Initial benchmarks of some VJ ideas [mmap memcpy vs copy_to

netdev.vger.kernel.org archive mirror
 help / color / mirror / Atom feed

* Initial benchmarks of some VJ ideas [mmap memcpy vs copy_to_user].
@ 2006-05-08 12:24 Evgeniy Polyakov
  2006-05-08 19:51 ` Evgeniy Polyakov
  2006-05-10 19:58 ` David S. Miller
  0 siblings, 2 replies; 11+ messages in thread
From: Evgeniy Polyakov @ 2006-05-08 12:24 UTC (permalink / raw)
  To: netdev; +Cc: davem, caitlinb, kelly, rusty, johnpol

[-- Attachment #1: Type: text/plain, Size: 1668 bytes --]

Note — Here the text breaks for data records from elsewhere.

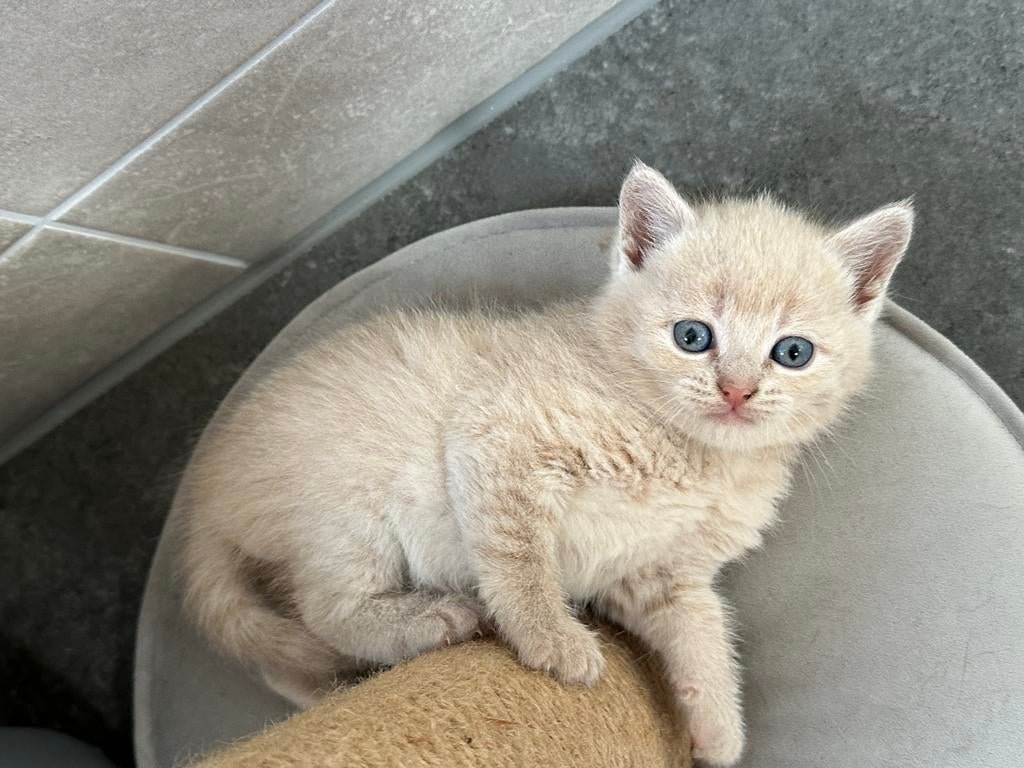 Kittens half Britse korthaar te koop, Poes, Ontwormd, 0 tot 2 jaar
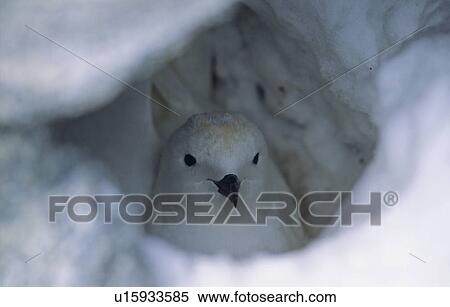 Stock Photography - Nesting Snow Petrel (Pagodroma Nivea). Commonwealth Bay, East Antarctica.. Fotosearch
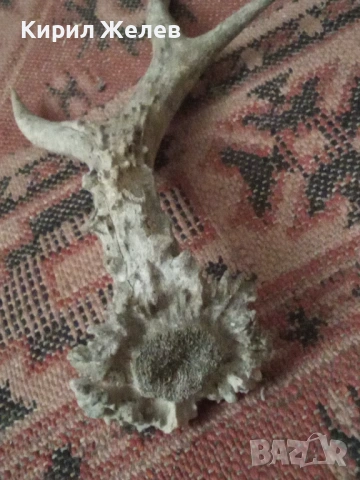 Рог от сръндак 50622, снимка 6 - Антикварни и старинни предмети - 53420897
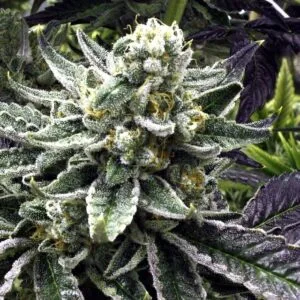 Commerce City Kush Regular by Rare Dankness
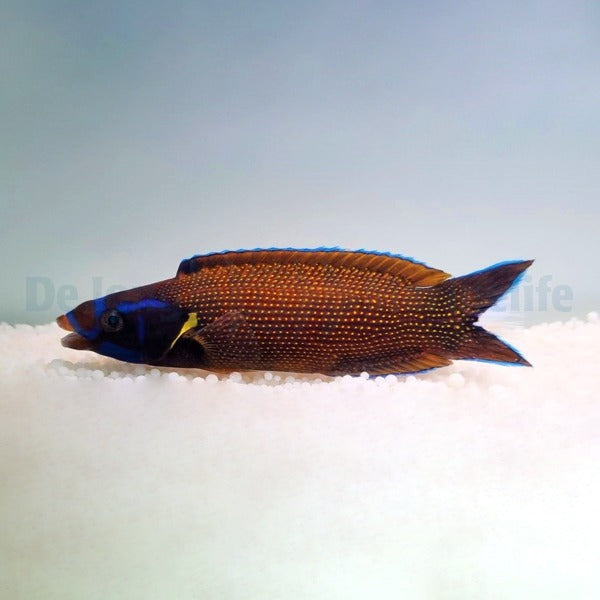 Labropsis xanthonota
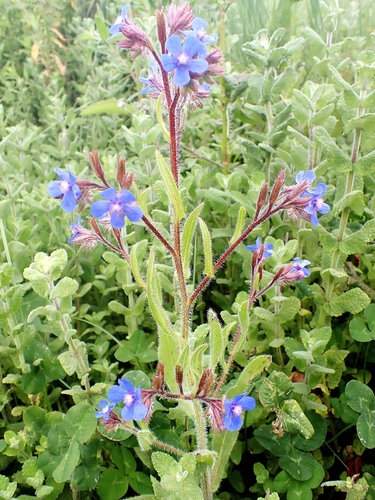 Italian Bugloss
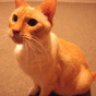 SunCat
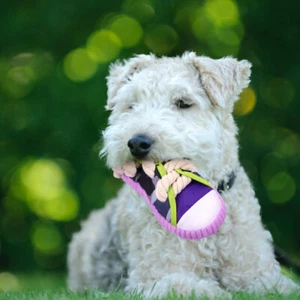Pet Puppy Chewing Toy Small Puppy Teething Plaything Pet Biting Toy Cartoon - Picture 1 of 12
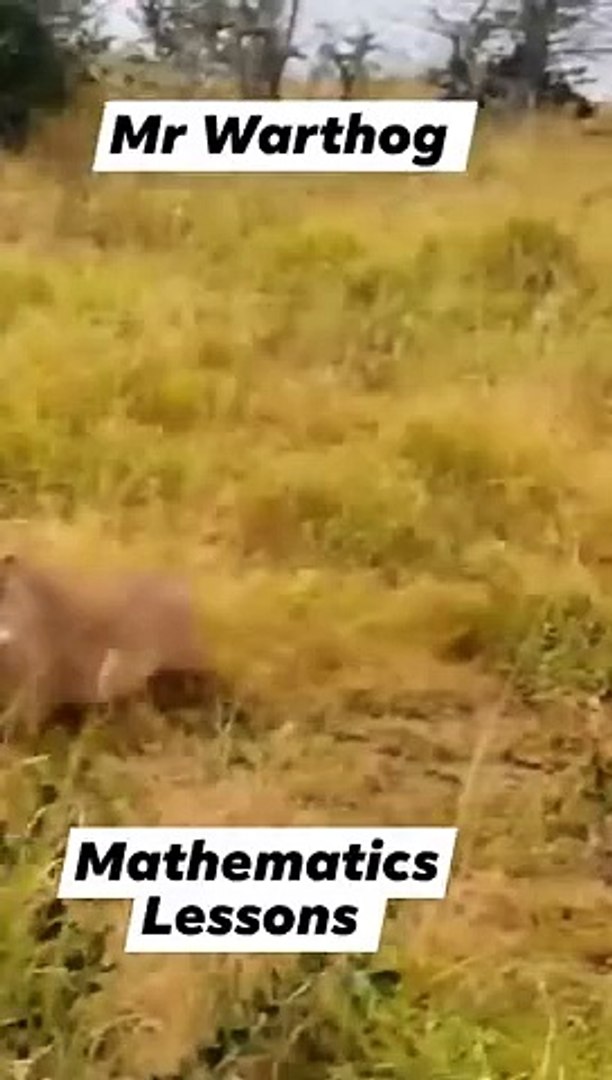 ⁣ANIMALS LIFESTYLE,,,,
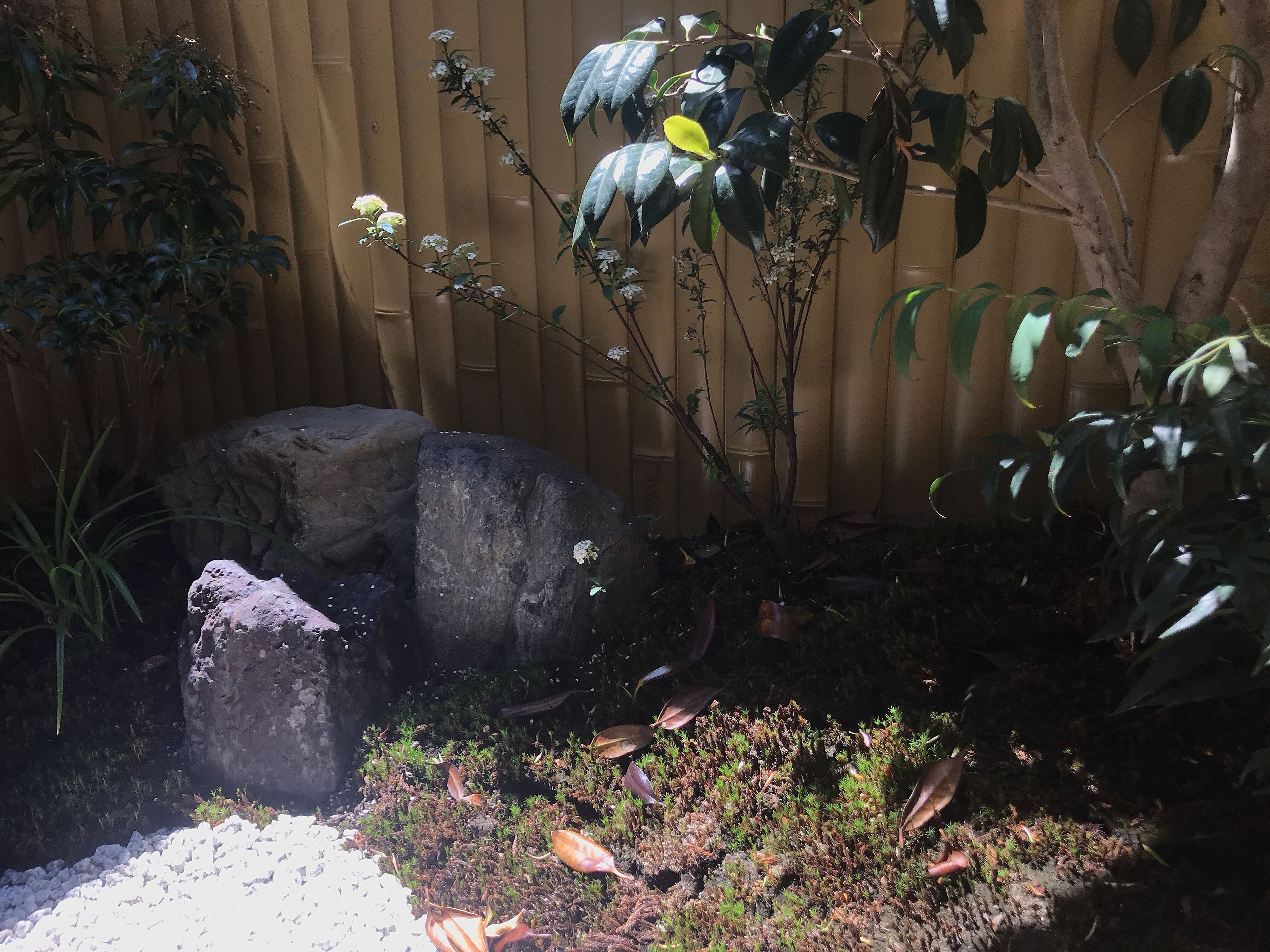 Foto - Shiki Shiki Higashiyama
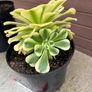 two rare variegated aeoniums Image 4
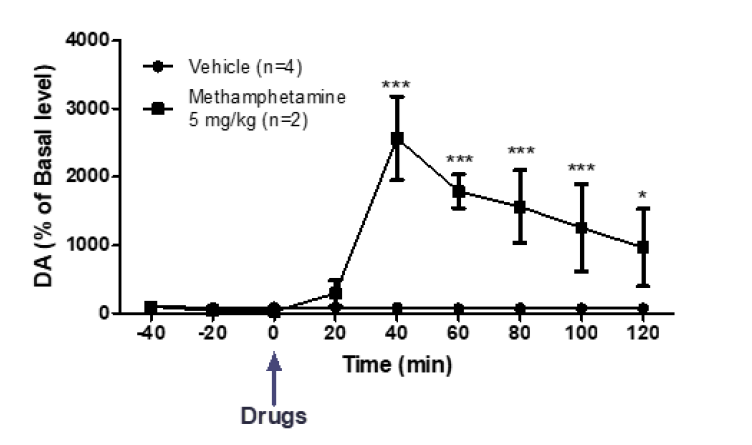 양성대조군 Methamphetamine 5 mg/kg 도파민 농도 변화 (Methamphetamine 5 mg/kg, ***P<0.001, compared with the vehicle (two-way ANOVA, followed by the Bonferroni post hoc test))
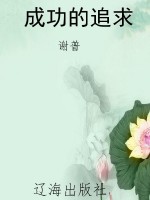 成功的追求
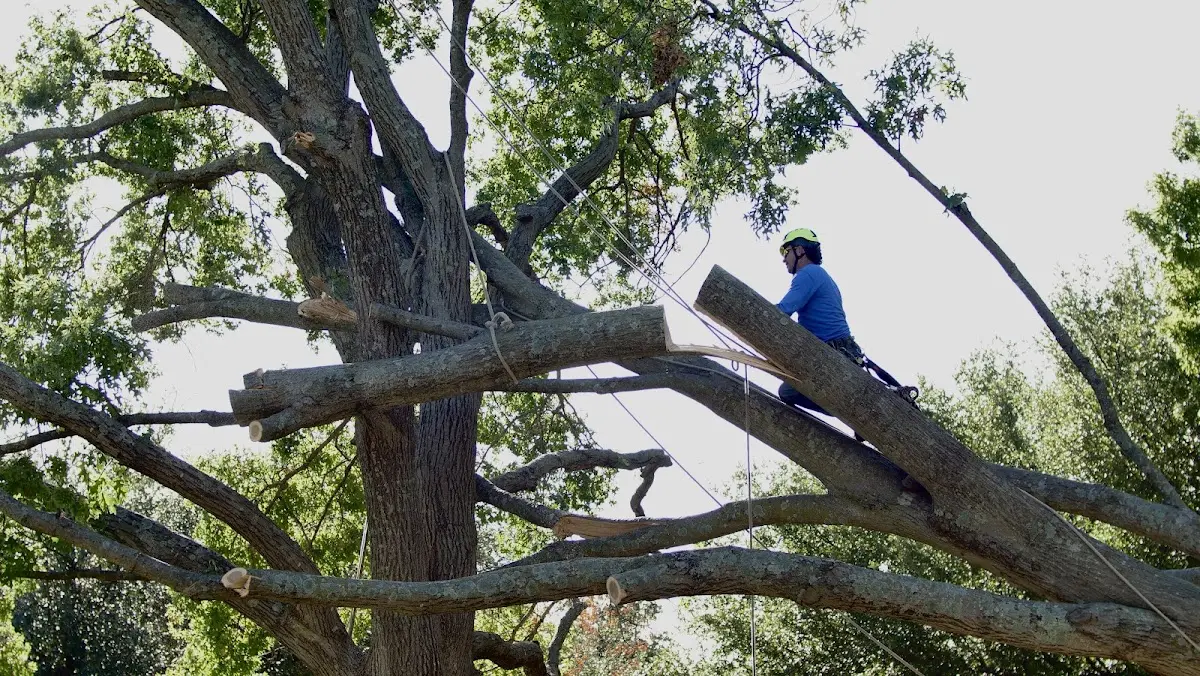 Professional Crown Thinning performed by certified arborists in Anchor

I hope he does not take offence at name shortening :)

I've sligtly modified UDP receiving path and run several benchmarks
in the following cases:
1. pure recvfrom() using copy_to_user() with 4k and 40k buffers.
2. recvfrom() remains the same, but skb->data is copied into kernel
buffer which can be mapped into userspace with 4k and 40k buffers
instead of copy_to_user().
3. recvfrom() remains the same, but no data is copied at all, and only 
iovec pointer is increased and it's size decreased.

Receiving is simple userspace application with one thread,
which does blocking read from UDP socket with default socket/stack parameters.

Receiver runs on 2.4 Ghz Xeon (HT enabled) with 1Gb of RAM and e1000 gigabit NIC.
Sender runs on amd64 nvidia nforce4 with 1Gb of RAM and r8169 NIC.
Machines are connected with d-link dgs-1216t gigabit switch.

Performance graph attached.

Conclusions:
at least in UDP case with 1gbit NIC performance was not increased,
but it can be the result of either NIC speed (I do not entrust to
nvidia and/or realtek), or broken sender application.
So the only observable result here is CPU usage changes:
it was decreased by 30% for copy_to_user() -> memcpy() changes
with 40k buffers. 4k buffers are too small to see any performance
changes due to syscall overhead.

If we transform CPU related changes to network speed, we still can
not get 6 times (or even 2 times) performance gain.

Luckily TCP processing is much more costly, e1000 interrupt handler
is too big, there are a lot of context switches and other
cache-unfriendly and locking stuff, but I still
wonder where does 6 (!) times performance gain lives.

-- 
	Evgeniy Polyakov

[-- Attachment #2: netchannel_speed.png --]
[-- Type: image/png, Size: 9120 bytes --]

^ permalink raw reply	[flat|nested] 11+ messages in thread

* Re: Initial benchmarks of some VJ ideas [mmap memcpy vs copy_to_user].
  2006-05-08 12:24 Initial benchmarks of some VJ ideas [mmap memcpy vs copy_to_user] Evgeniy Polyakov
@ 2006-05-08 19:51 ` Evgeniy Polyakov
  2006-05-08 20:15   ` David S. Miller
  2006-05-10 19:58 ` David S. Miller
  1 sibling, 1 reply; 11+ messages in thread
From: Evgeniy Polyakov @ 2006-05-08 19:51 UTC (permalink / raw)
  To: netdev; +Cc: davem, caitlinb, kelly, rusty

On Mon, May 08, 2006 at 04:24:22PM +0400, Evgeniy Polyakov (johnpol@2ka.mipt.ru) wrote:
> Luckily TCP processing is much more costly, e1000 interrupt handler
> is too big, there are a lot of context switches and other
> cache-unfriendly and locking stuff, but I still
> wonder where does 6 (!) times performance gain lives.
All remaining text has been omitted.